The basic premiss is therefore wrong.
-
The
Waste
Electrical and Electronic Equipment Directive (WEEE) states that 75%
of electrical and electronics waste must be recycled. The solder is, by
far, the easiest component on electronic assemblies to recycle. If the
solder is recycled, there will be no lead in the landfill, will there?
The regulation is therefore contradictory to another regulation,
which was simultaneously promulgated, and reinforces the falsity of the
premiss.
-
There are no recorded cases of lead being
found hazardous in the electronics assembly industry, with over 70 years
of continuous use of lead-bearing solders. There is therefore no
health and safety issue in the industry.
-
The traditional solders used in the
industry are usually alloys of 60 to 63 per cent tin, the rest being
lead and sometimes small amounts of other metals. These alloys melt
between 180° and 185°C. Various lead-free alloys have been proposed as
substitutes, mostly in the range of 92 to 97 per cent tin, the rest
being copper and/or silver. These generally have melting points between
210° and 220°C. Soldering, which is an energy-intensive process, will
have to be done at a higher temperature, requiring more energy and
therefore more pollution if the electricity is generated from fossil
fuels.
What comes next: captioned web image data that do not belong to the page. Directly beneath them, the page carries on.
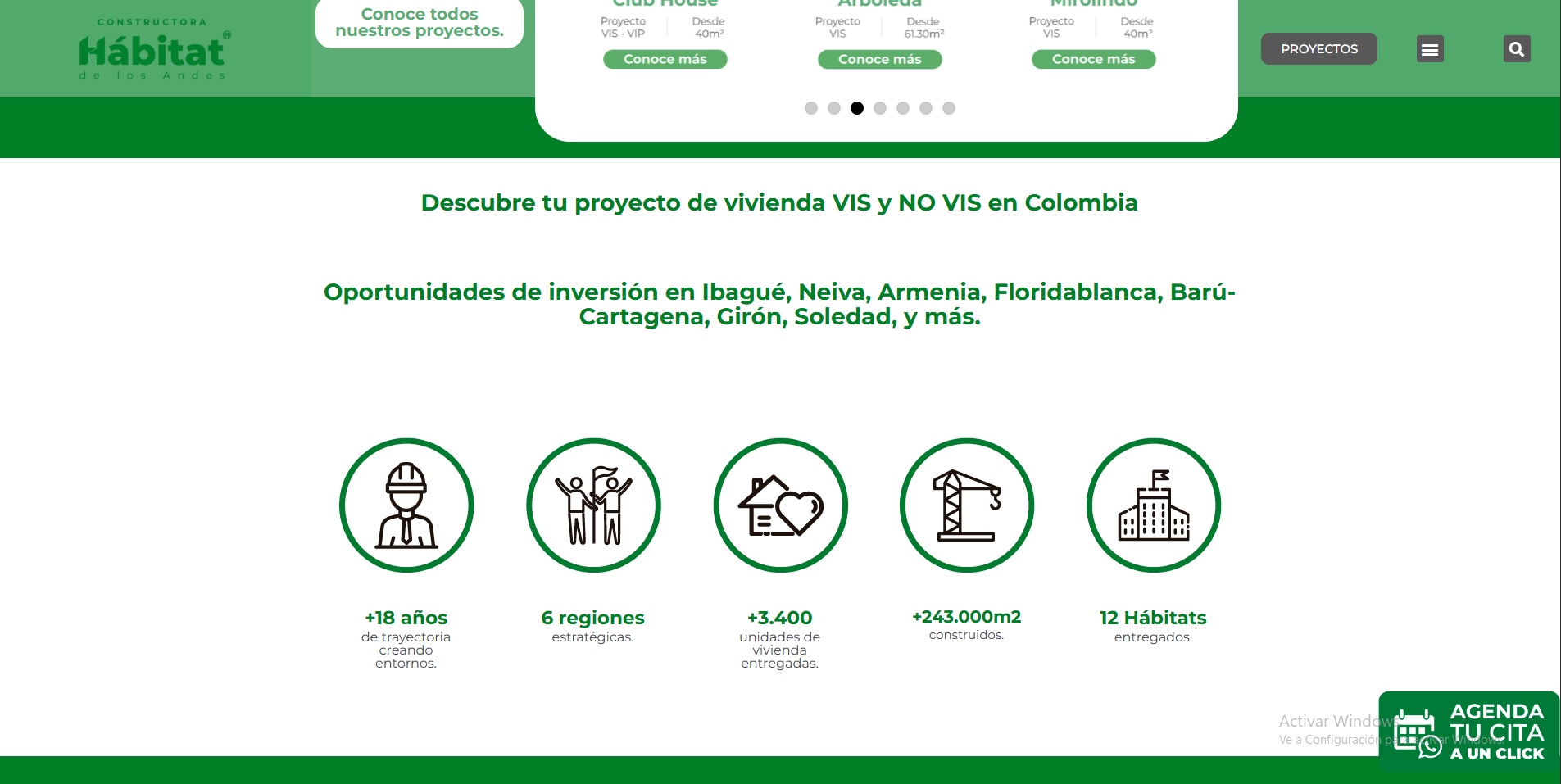 Diseño web Habitat de los Andes — inmobiliaria y construcción Colombia
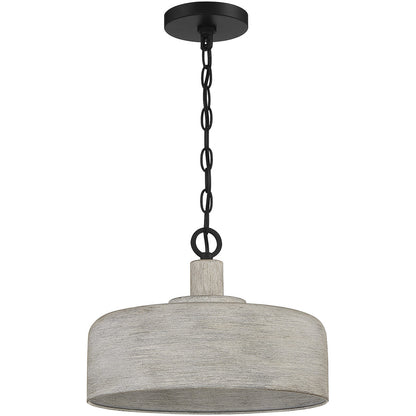 Meridian Lite Trends 1-Light Pendant in Weathered Gray with Black M70103WGBK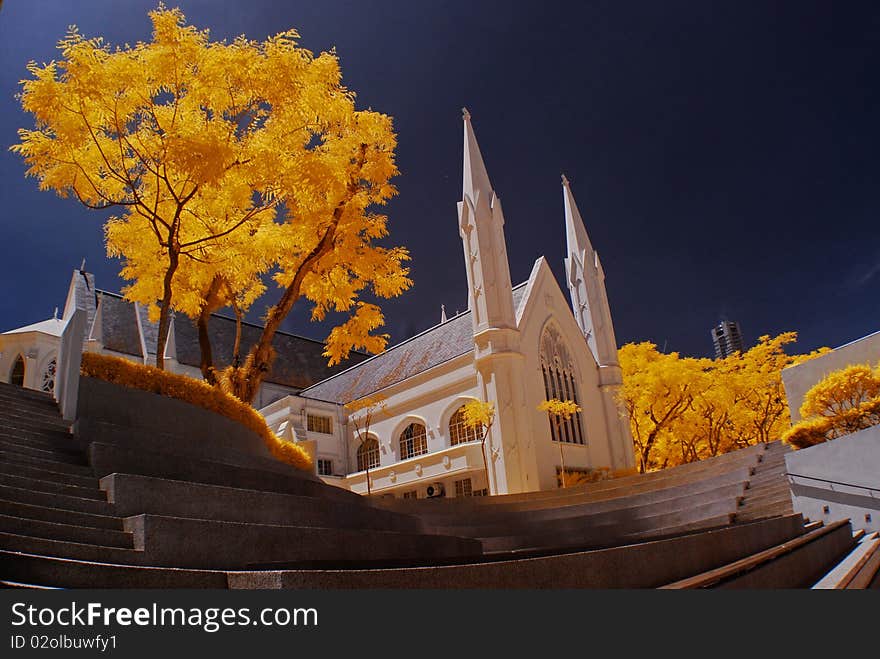 Historical Church And Yellow Leafs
This contradicts the stated EU target of reduced energy
consumption and lower carbon dioxide emissions.
-
The higher soldering temperature will
mechanically and thermally stress the electronic components more,
potentially reducing their reliability. Furthermore, solder with lead is
more ductile than lead-free solder, which is comparatively brittle. This
means that the solder joints themselves are more prone to fracture due
to vibration or with changes of temperature (maybe this is why the
electronics for aircraft have been exempted from the regulation, for
fear that they will fall out of the sky). In addition, because of the
higher soldering temperatures, post-soldering residues will be more
difficult to clean off; these residues are a frequent cause of failures
in high-reliability equipment. Reduced reliability will mean a
shorter lifetime for electronics assemblies and therefore more waste and
costlier appliances.
-
Ready-to-use lead-free solder is about 30
to 40 per cent more costly than traditional solder, because it contains
about 50 per cent more tin. Additionally, it is no coincidence that one
of the main lobby groups in favour of the regulation is a subsidiary of
an association of international tin producers. The cost of
appliances will inevitably rise.
-
Because the lead-free solder contains about
50 per cent more tin, the demand for tin will rise. Most tin ore comes
from alluvial deposits in Malaysian, Indonesian and Brazilian tropical
rain forests, which are permanently destroyed by the mining activities.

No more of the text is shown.